--- PROMPT ---
Only the lines from the one containing "Gorgeous 3D Floral" through the end of the data are wanted, reproduced exactly and without pictures.

Web page caption snippets:
· · ·

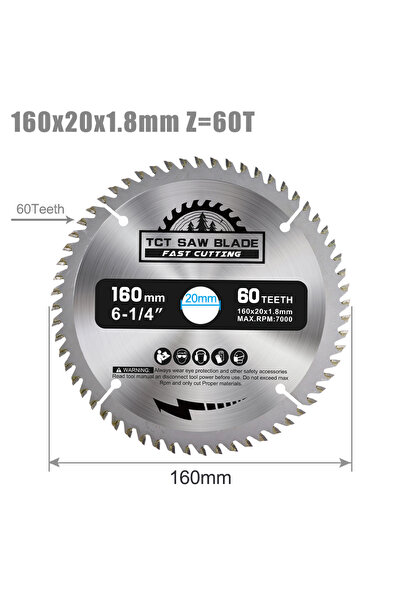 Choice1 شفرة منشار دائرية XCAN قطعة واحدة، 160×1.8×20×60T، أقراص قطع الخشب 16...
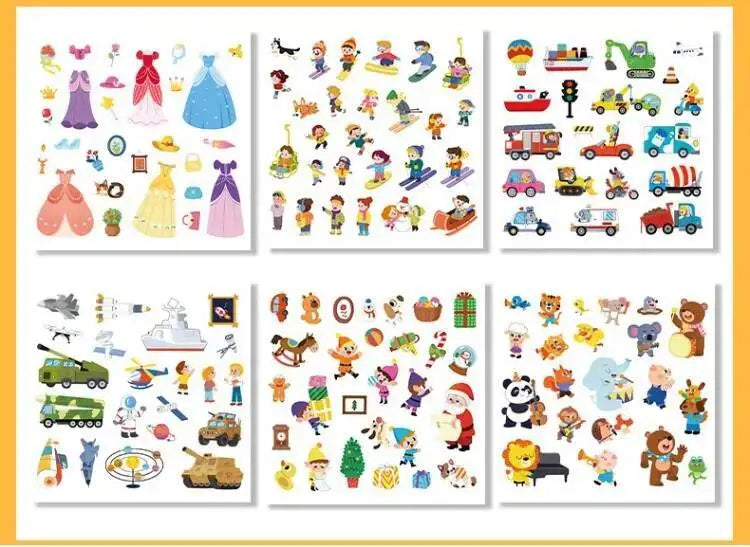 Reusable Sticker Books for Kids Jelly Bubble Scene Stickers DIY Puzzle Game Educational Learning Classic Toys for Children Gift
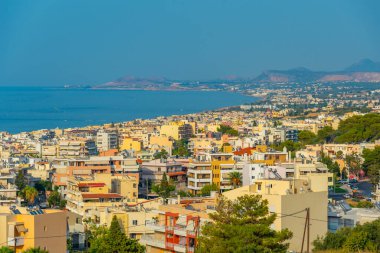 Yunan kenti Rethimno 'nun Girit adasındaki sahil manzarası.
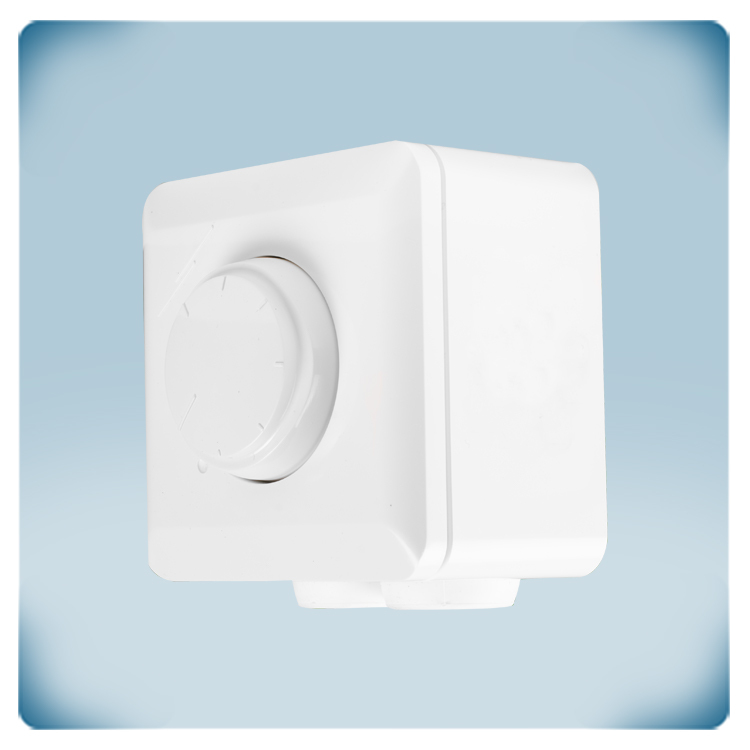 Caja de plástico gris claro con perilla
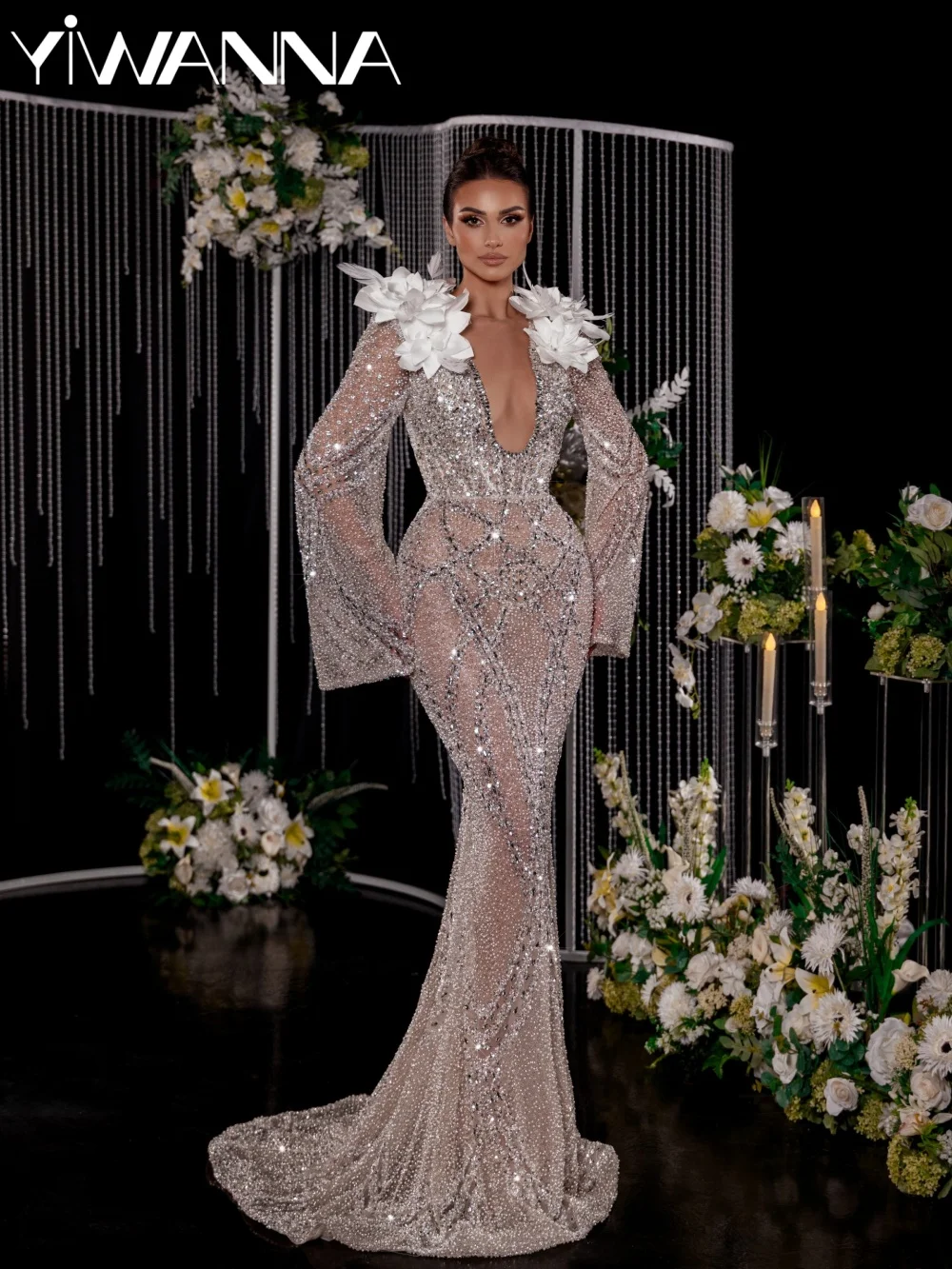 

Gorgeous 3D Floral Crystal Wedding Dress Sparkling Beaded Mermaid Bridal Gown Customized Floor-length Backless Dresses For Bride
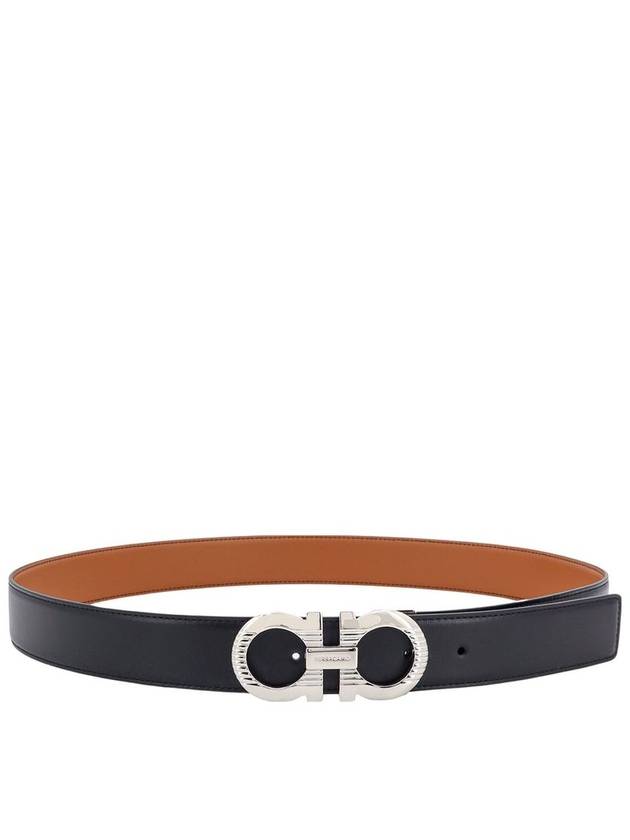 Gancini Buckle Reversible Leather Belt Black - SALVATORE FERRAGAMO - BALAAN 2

· · ·

--- RESULT BELOW ---
Gorgeous 3D Floral Crystal Wedding Dress Sparkling Beaded Mermaid Bridal Gown Customized Floor-length Backless Dresses For Bride
 Gancini Buckle Reversible Leather Belt Black - SALVATORE FERRAGAMO - BALAAN 2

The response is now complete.